The eltype of SparseMatrixCSC's colptr should be Int instead of Ti #38790

msekino · 2020-12-09T14:26:01Z

julia/stdlib/SparseArrays/src/sparsematrix.jl

Line 22 in a813a6e

colptr::Vector{Ti} # Column i is in colptr[i]:(colptr[i+1]-1)

In the definition of the SparseMatrixCSC, the eltype Ti of colptr is the same as that of rowval.
Therefore, we have to set Ti with a capacity that can store the number of elements (colptr), instead of a capacity that can store only the row number (rowval).

Since the length of rowval is up to m * n and the length of colptr is only n + 1, rowval requires much more memory.
The value to be stored in rowval is only up to m, so we want to use the smallest eltype that can store m (e.g.: UInt32).

If m <= typemax(UInt32), the value to be stored in colptr is up to m * n and it is quite possible that the value will be greater than typemax(UInt32).

From the above, I think that the eltype of SparseMatrixCSC's colptr should be Int instead of Ti.

Best regards.

The text was updated successfully, but these errors were encountered:

jebej · 2020-12-09T15:11:57Z

This analysis makes sense when considering the limit where the sparse matrix is close to dense.

I think instead that the choice of having the same type for rowval and colptr was made assuming that they both would be storing the same order of magnitudes of number of values and therefore that the values themselves would also have the same order of magnitude. (That is a number of stored values ~linear in n)

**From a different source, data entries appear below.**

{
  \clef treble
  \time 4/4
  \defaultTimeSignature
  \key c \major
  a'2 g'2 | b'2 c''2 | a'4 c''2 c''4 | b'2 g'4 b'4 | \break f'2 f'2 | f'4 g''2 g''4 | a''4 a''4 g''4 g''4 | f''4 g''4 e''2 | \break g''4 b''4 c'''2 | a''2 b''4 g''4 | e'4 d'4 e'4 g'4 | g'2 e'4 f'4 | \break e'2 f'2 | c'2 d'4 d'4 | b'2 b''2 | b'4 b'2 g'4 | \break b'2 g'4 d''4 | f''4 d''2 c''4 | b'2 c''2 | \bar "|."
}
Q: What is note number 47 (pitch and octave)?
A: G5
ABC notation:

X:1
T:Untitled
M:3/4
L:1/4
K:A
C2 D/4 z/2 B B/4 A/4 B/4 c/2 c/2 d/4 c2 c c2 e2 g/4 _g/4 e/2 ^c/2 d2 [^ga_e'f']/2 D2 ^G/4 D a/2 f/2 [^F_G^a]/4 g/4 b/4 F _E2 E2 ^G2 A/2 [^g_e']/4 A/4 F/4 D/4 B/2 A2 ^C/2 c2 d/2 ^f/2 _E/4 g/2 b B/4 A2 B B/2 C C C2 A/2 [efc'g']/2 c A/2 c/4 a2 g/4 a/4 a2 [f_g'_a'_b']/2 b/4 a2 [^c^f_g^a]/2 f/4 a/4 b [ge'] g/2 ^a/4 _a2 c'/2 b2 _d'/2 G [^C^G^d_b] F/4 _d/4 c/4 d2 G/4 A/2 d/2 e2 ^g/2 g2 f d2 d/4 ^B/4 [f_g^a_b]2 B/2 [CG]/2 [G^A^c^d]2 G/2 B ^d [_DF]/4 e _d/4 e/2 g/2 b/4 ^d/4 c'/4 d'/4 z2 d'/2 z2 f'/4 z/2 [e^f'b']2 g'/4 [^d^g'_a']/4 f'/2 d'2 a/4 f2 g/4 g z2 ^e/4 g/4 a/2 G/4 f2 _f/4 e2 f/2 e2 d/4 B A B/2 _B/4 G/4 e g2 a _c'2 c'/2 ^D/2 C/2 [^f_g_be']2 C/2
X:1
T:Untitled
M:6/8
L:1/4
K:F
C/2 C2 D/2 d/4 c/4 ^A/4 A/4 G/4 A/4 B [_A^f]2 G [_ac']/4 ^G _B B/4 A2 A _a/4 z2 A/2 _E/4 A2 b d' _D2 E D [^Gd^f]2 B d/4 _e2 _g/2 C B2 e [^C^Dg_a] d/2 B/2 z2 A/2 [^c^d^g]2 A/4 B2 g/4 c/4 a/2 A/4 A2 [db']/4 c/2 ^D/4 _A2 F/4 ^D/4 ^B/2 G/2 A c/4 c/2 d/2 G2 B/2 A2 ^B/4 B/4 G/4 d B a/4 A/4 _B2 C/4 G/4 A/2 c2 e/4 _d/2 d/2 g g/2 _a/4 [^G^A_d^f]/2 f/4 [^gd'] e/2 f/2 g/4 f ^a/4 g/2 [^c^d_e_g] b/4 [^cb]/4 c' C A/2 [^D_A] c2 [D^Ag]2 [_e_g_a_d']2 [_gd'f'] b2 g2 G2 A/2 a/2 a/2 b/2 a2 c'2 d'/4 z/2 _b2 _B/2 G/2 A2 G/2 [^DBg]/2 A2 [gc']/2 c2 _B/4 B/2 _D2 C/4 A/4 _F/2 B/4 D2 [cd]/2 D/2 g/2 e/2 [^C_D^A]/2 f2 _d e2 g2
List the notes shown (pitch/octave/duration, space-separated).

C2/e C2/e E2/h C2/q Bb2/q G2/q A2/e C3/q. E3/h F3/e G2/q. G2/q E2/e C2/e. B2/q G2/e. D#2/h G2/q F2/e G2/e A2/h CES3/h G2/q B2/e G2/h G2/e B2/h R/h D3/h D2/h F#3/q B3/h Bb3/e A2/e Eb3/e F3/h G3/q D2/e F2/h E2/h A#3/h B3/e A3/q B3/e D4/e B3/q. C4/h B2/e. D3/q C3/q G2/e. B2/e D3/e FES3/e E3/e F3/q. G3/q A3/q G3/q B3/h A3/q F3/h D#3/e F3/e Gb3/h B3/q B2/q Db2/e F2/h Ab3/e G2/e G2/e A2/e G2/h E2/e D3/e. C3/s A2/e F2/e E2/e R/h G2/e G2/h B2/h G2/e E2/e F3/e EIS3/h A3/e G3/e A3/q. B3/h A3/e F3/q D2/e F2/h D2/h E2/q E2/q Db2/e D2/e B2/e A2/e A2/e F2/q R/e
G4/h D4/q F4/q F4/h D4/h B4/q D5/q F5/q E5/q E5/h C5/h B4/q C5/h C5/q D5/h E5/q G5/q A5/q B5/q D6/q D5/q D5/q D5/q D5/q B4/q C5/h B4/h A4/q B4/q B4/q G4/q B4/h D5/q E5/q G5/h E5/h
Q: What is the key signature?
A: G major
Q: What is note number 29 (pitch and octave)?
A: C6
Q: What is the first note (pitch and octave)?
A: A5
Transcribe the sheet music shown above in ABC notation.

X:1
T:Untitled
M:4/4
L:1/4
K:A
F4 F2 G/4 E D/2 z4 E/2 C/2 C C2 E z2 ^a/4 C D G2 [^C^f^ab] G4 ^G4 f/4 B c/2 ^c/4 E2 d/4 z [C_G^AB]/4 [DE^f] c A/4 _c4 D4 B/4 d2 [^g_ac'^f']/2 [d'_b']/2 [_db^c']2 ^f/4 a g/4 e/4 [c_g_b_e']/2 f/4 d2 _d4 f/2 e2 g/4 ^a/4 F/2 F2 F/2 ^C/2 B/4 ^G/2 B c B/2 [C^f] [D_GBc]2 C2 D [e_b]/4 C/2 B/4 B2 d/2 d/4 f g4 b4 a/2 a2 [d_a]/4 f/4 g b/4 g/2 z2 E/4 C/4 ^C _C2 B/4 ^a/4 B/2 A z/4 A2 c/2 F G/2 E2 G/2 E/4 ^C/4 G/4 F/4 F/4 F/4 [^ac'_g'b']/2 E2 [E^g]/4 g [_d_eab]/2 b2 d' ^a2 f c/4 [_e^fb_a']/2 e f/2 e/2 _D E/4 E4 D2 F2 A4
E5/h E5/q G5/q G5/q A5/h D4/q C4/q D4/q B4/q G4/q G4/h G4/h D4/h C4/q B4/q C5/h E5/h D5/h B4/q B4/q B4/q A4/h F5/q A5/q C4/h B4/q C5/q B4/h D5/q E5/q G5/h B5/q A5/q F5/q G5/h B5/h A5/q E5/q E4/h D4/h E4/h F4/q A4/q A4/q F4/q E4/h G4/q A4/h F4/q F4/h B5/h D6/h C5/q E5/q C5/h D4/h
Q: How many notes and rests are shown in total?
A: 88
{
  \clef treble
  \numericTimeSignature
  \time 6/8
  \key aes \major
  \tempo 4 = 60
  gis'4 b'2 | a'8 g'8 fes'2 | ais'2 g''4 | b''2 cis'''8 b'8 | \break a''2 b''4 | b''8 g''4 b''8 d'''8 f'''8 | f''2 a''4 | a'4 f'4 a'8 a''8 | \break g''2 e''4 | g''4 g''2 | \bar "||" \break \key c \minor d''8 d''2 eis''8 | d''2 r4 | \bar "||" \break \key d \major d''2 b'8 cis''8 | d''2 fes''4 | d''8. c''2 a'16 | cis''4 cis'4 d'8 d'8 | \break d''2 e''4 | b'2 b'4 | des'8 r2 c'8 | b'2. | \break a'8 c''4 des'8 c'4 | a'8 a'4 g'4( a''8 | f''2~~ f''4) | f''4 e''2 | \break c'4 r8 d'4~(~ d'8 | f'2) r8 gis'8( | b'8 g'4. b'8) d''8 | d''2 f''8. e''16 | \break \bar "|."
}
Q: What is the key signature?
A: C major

I also think that adding a type parameter to the SparseArray type is unlikely to be done at this point.

msekino · 2020-12-10T01:31:08Z

Thank you for the comment!

In our case, m ≈ 50,000,000, n ≈ 100,000 and each row stores only about 100 Boolean values.
The density is only 0.1% and m ≪ typemax(UInt32) = 4,294,967,295, however the nnz = 5,000,000,000 > typemax(UInt32).
Thus, even if it's not so dense, the nnz can easily exceed the capacity of UInt32.

I also think that adding a type parameter to the SparseArray type is unlikely to be done at this point.

I think so too.

jebej · 2020-12-10T14:10:45Z

Ah yes, you are right at the transition....

You could always roll your own type and subtype SparseArrays.AbstractSparseMatrixCSC, though I'm sure a bunch of functions have their signature typed to SparseMatrixCSC instead of AbstractSparseMatrixCSC and would have to be changed to work seamlessly.

I think that would be the best way for you to solve this problem neatly.

If you do end up trying this, let us know which functions don't work.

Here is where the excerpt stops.